Endoscopie bronchique et lavage broncho-alvéolaire

Cet examen explore la trachée, les bronches souches et secondaires à l'aide d'un bronchoscope (long tuyau de la section d'un crayon) souple, orientable et muni d'un système optique formé de fibres de verre, alimenté par une source de lumière froide. Le bronchoscope est introduit par la bouche après anesthésie locale de l'arrière-gorge. L'examen dure une petite demi-heure. Indiqué dans le cadre d'une infection bronchique ou pulmonaire, il permet une toilette bronchique systématique (aspiration des sécrétions non évacuées par la toux) et s'accompagne le plus souvent d'un lavage broncho-alvéolaire (LBA). Ce dernier consiste en l'injection par l'endoscope de sérum physiologique et réaspiration du liquide. L'examen microbiologique et cytologique de ce liquide précisera le diagnostic. Cet examen doit se faire à jeun (plus d'absorption d'aliments depuis 3 heures au moins). Un calmant peut être prescrit. L'alimentation peut être envisagée une bonne demi-heure après le retour en chambre. Un peu de température que l’on traitera avec un antipyrétique est habituelle après cet examen. Elle ne doit cependant pas se prolonger au-delà de 24 heures après l’examen.

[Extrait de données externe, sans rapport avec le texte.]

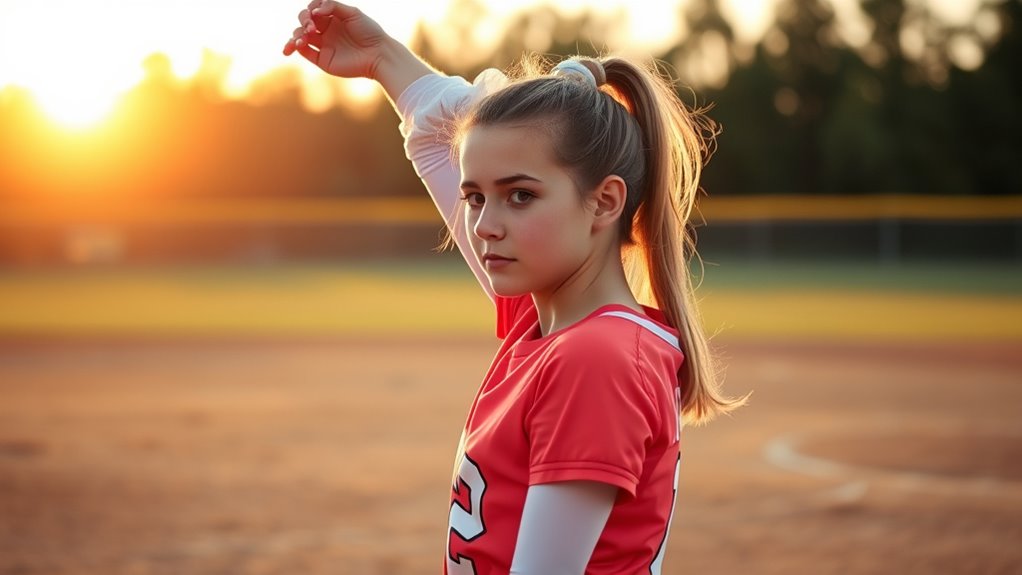 simple static stretch benefits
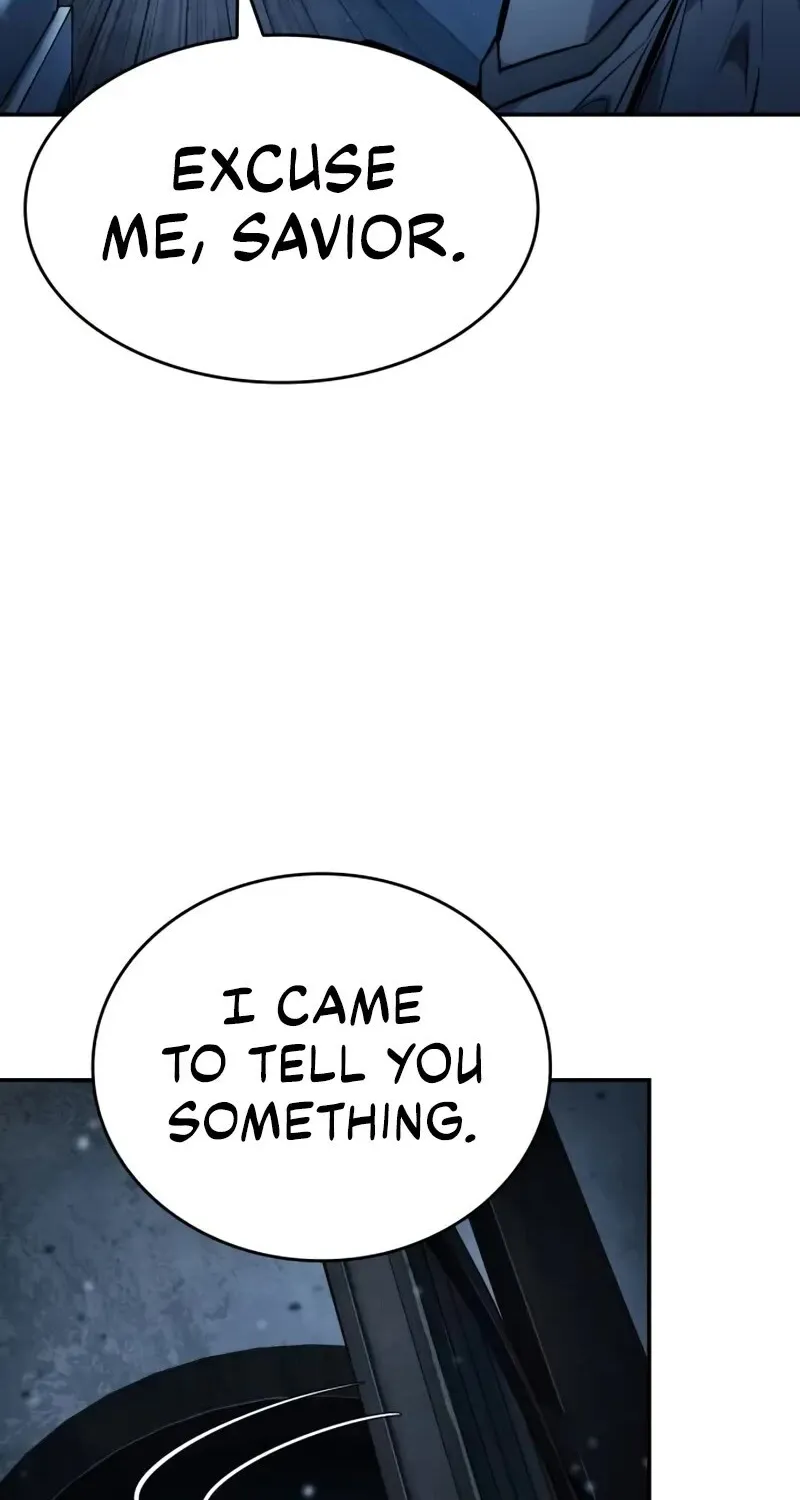 Chapter 133 — page 45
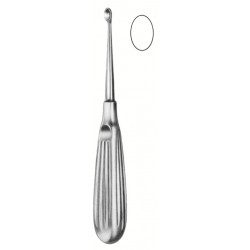 WE-14-3468-03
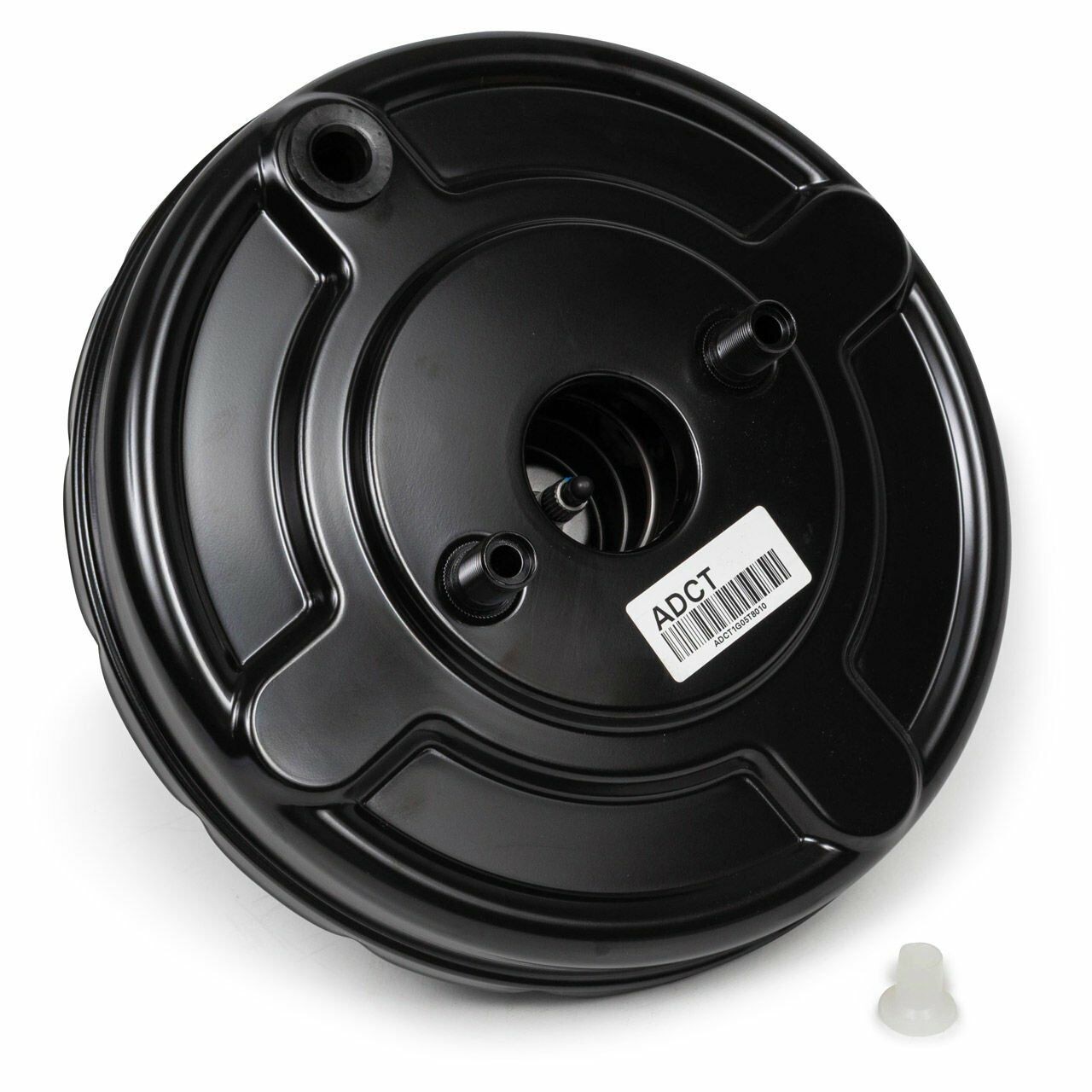 PSA 42750816 | Chevrolet Yeni Aveo T300 1.4 Benzinli (A14XER) Fren Westinghouse Orijinal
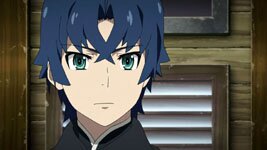 Akura Tooru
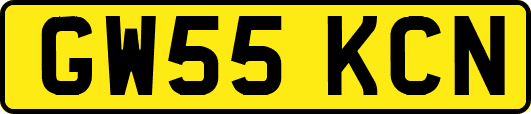 GW55KCN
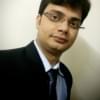 harshgupta321's Profile Picture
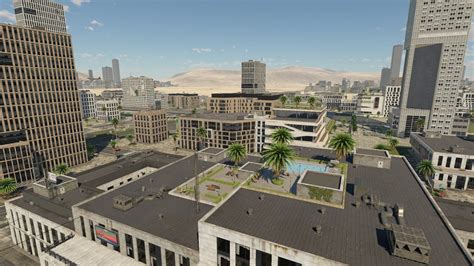 All my 10 out of 14 Nukes come from the same lineup.. : r/Warthunder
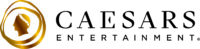 Caesars Entertainment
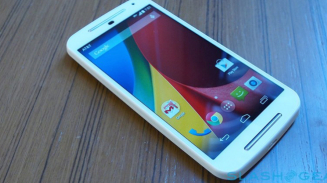 Moto X vs Moto G 2014 Review: Specs and Price, Which Motorola Smartphone is Best For You?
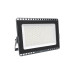 Прожектор светодиодный PFL-S8 100Вт 6500К LOWTEMP 120град. до -60град. IP65 УХЛ1 ДО/СДО Pro JazzWay 5057692 Прожектор светодиодный PFL-S8 100Вт 6500К LOWTEMP 120град. до -60град. IP65 УХЛ1 ДО/СДО Pro JazzWay 5057692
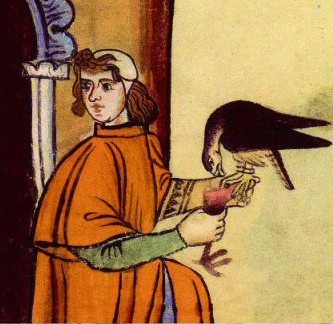 De_arte_venandi_cumavibus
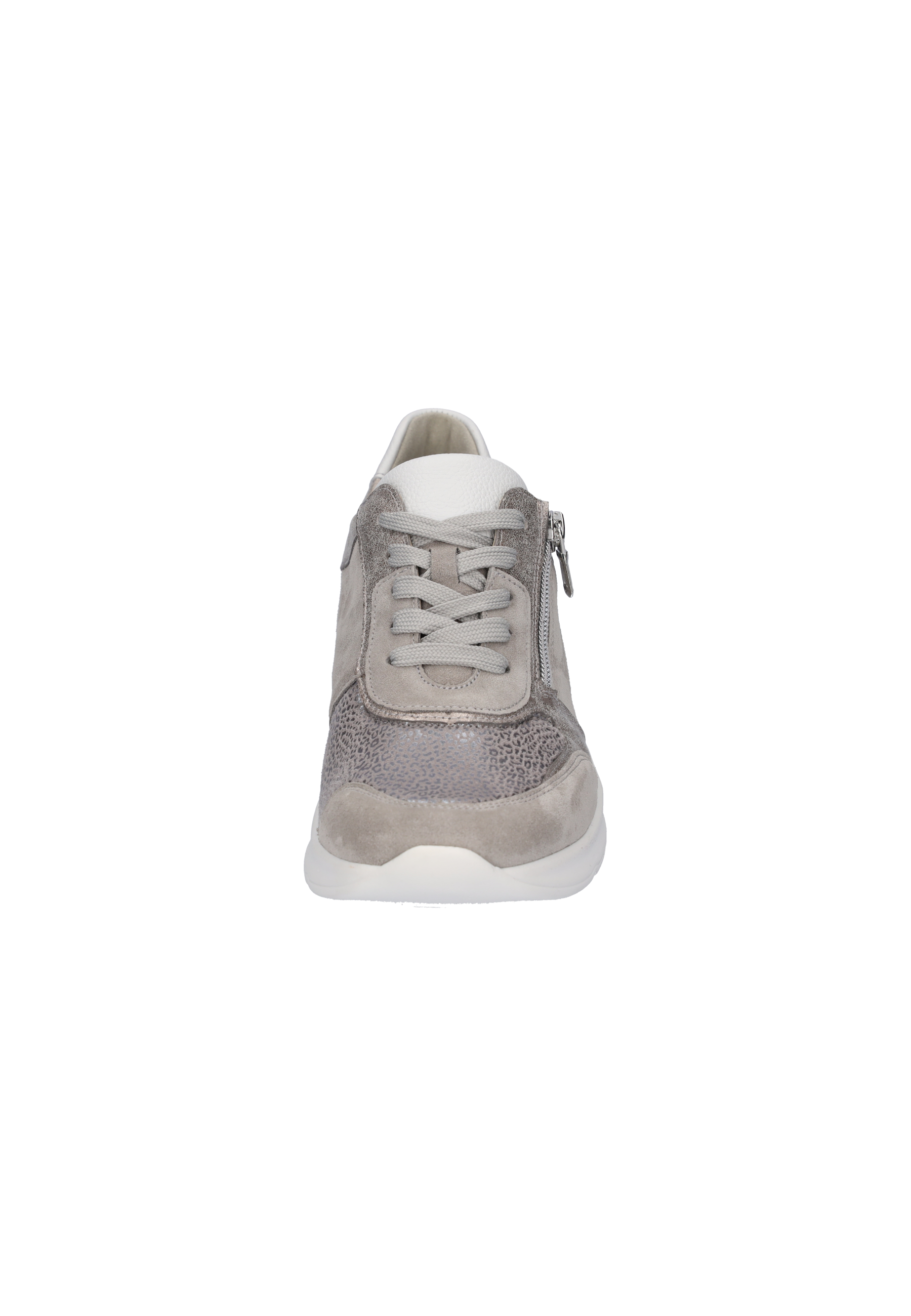 Produktbild von: H-Dilara grey stein weiss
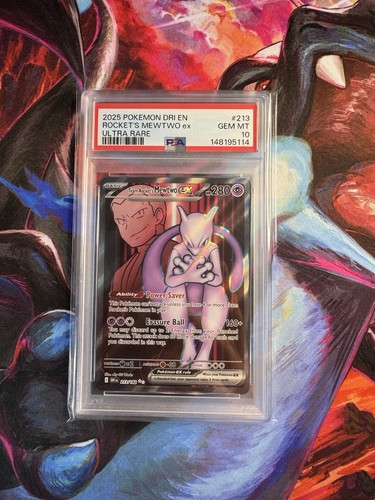 Pokémon tcg team rocket - pokémon,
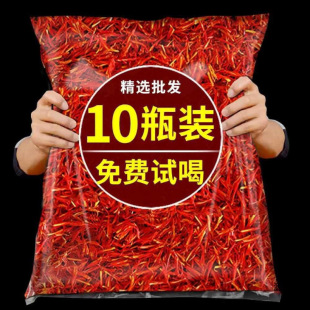 �ؼt�����������M�ڲ���ˮ�ȼt���B����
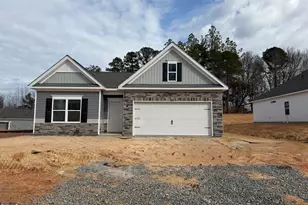 313 Sirius Dr, Sanford, NC 27330 - Photo 2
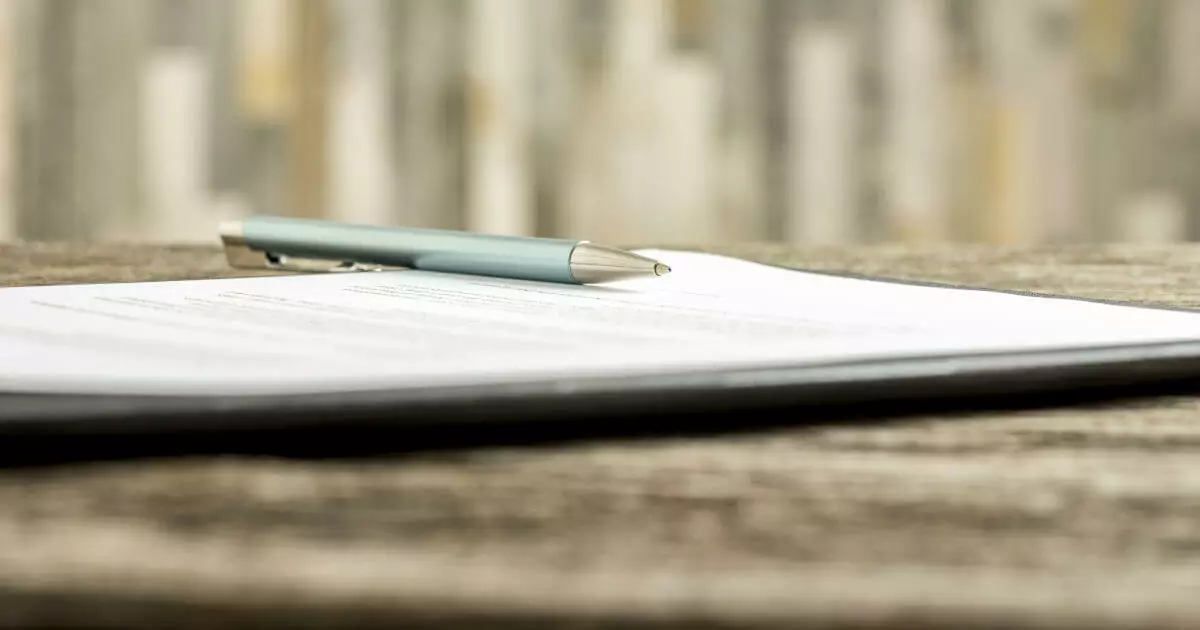 Imagen: Formulario de contacto en WordPress: comparativa de plugins
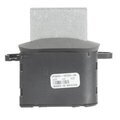 27151ZW00A - HVAC: HVAC Blower Motor Control Module for Nissan Image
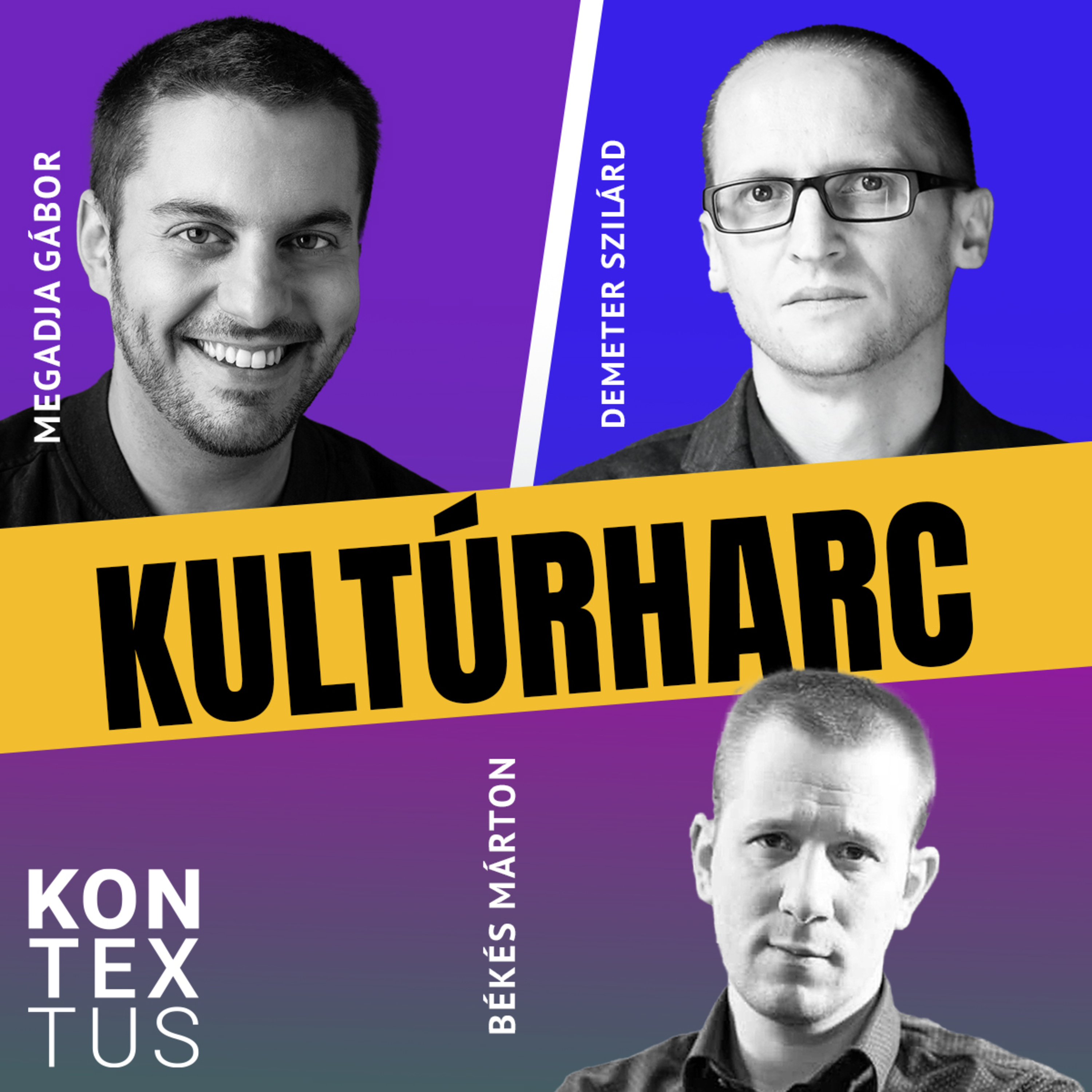 Kontextus
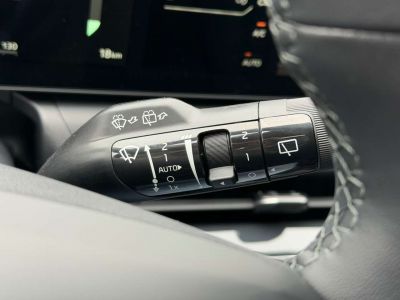 KIA K4 Vorführwagen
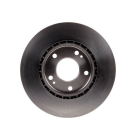 BD1699 brake disc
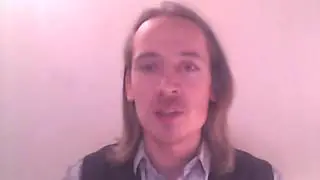 Бесплатный мастер-класс по созданию сайтов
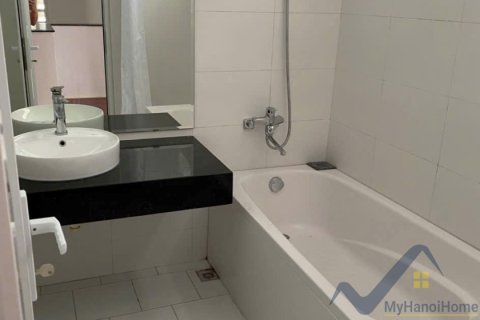 Вилла с 3 спальнями в Тэйхо, Ханой ,  № 26407 10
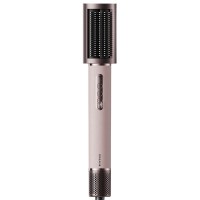 Multistyler Dreame AirStyle Pro Hi Rose Pink imaginea #2 — magazin online Desire.md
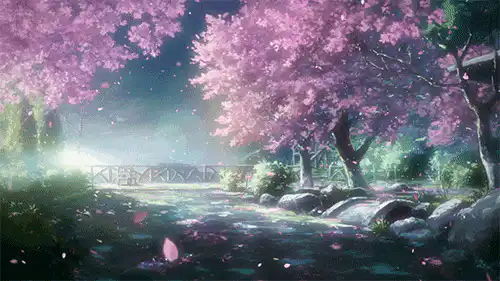 Image posted by the member
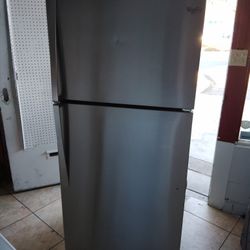 Refrigerator $300.00 Up
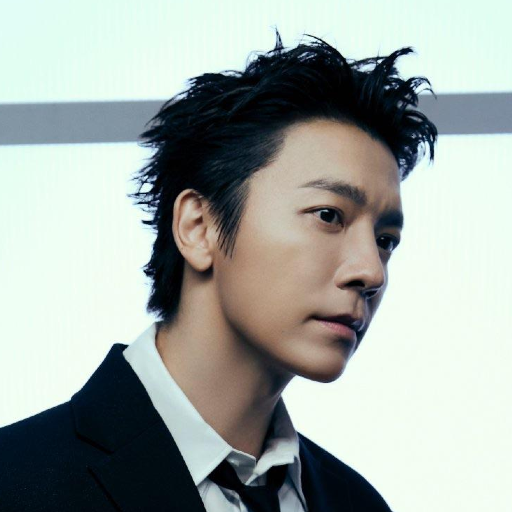 Donghae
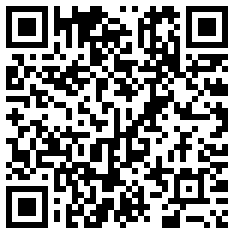 【疫情晚报】青海部分学校开学，湖南计划新增25万个公办园学位分享二维码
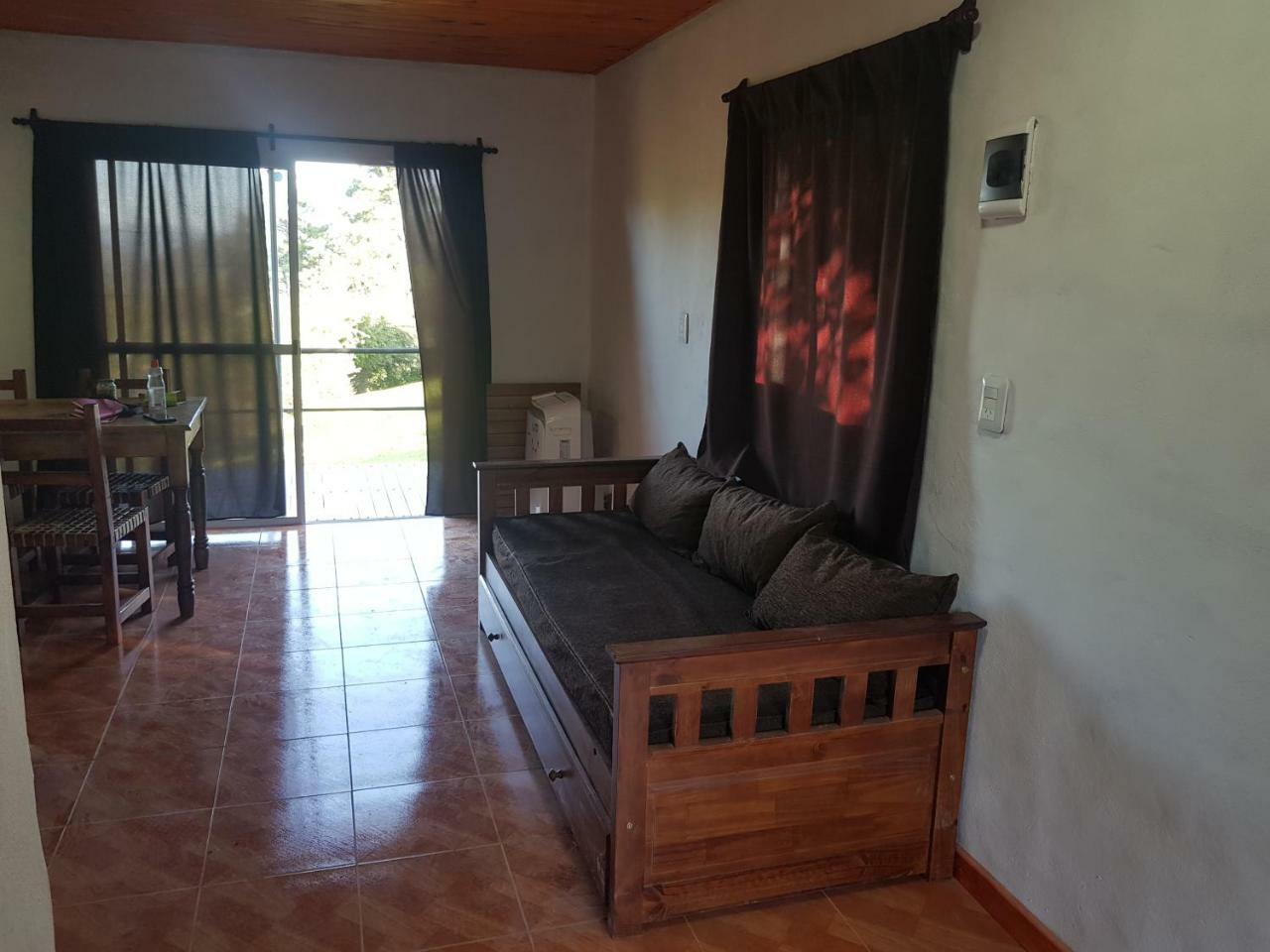 Casas De Raco Villa Ngoại thất bức ảnh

Il s'agit de vous surveiller au plus près afin de réagir le plus précocement possible à un rejet ou à une infection débutante.

Pendant votre hospitalisation, vous aurez parfois des réactions dépressives réactionnelles et/ou des périodes d'euphorie liées aux médicaments (cortisone) que vous prenez. Vous aurez parfois des réactions désarçonnantes pour la famille : brusques sautes d'humeur pour des questions de détails, sentiment d'être le centre du monde à qui tout doit céder... ces réactions classiques doivent être comprises par la famille. Elles s'expliquent par votre anxiété concernant l'éventualité de rejets, d'infections et des effets secondaires désagréables liés aux médicaments.

Vous ferez très probablement un rejet durant ce premier mois postopératoire. C'est tout à fait prévisible et cela justifie votre surveillance rigoureuse. L'équipe médio-chirurgicale possède l'arsenal thérapeutique nécessaire à son traitement et l'utilisera au mieux pour votre santé.

Une majoration de votre traitement immunosuppresseur en cas de rejet augmente le risque d'avoir une infection. Encore une fois, ce risque est connu et vous serez traité au coup par coup en fonction de votre évolution clinique.

Une évolution en dents de scie après transplantation est tout à fait habituelle !

Votre séjour à l'hôpital, probablement de 4 à 6 semaines, vous permettra de retrouver progressivement une autonomie satisfaisante, une confiance suffisante et vous pourrez envisager le retour à domicile. Cette nouvelle étape peut, pour certains, être envisagée avec une relative inquiétude dans la mesure où l'on quitte l'ambiance sécurisante créée par le personnel médical, infirmier et paramédical de l'unité de chirurgie cardiaque et pulmonaire.